• _WORK INSTRUCTIONS_
Omit the pictures and reproduce the rest of the listing exactly.

[AVAILABLE DATA Boundary: Start]

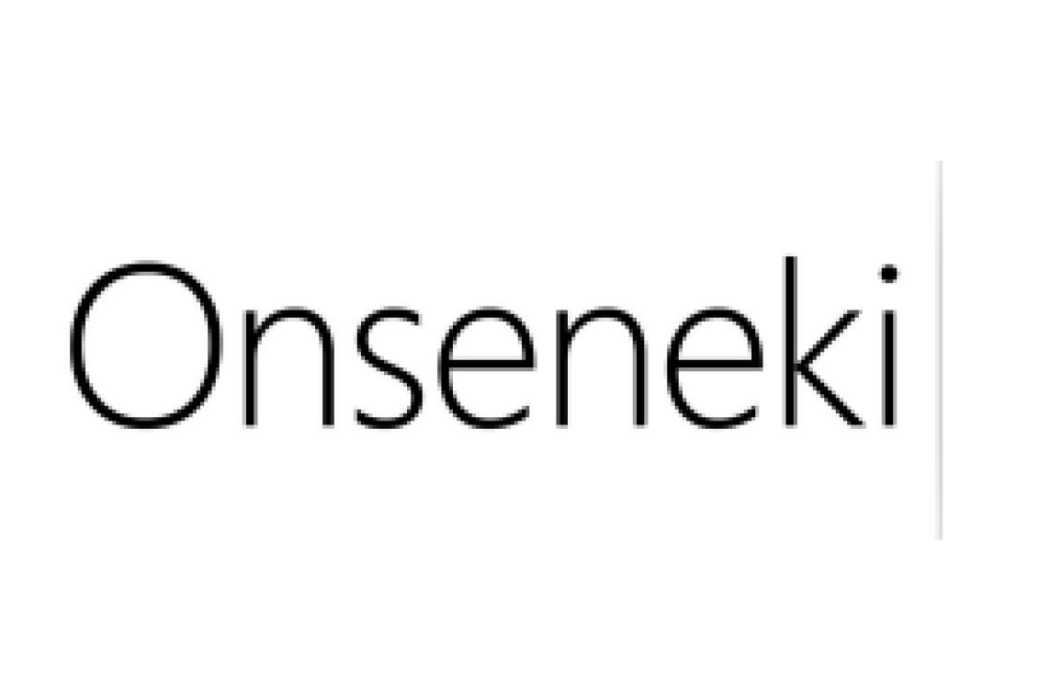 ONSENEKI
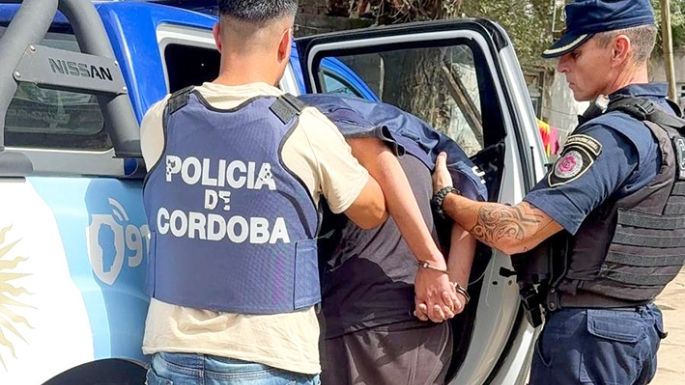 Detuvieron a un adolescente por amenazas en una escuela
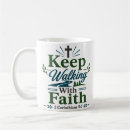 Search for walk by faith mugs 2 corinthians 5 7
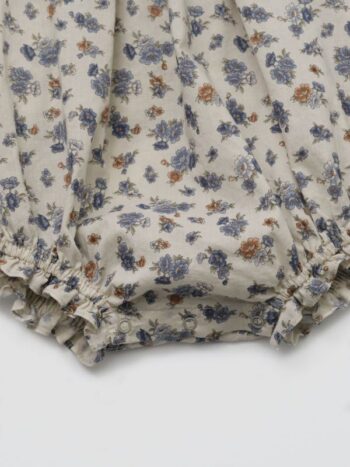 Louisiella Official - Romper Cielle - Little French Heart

[AVAILABLE DATA Boundary: End]

• _ANSWER TO THIS TASK_
 ONSENEKI
 Detuvieron a un adolescente por amenazas en una escuela
 Search for walk by faith mugs 2 corinthians 5 7
 Louisiella Official - Romper Cielle - Little French Heart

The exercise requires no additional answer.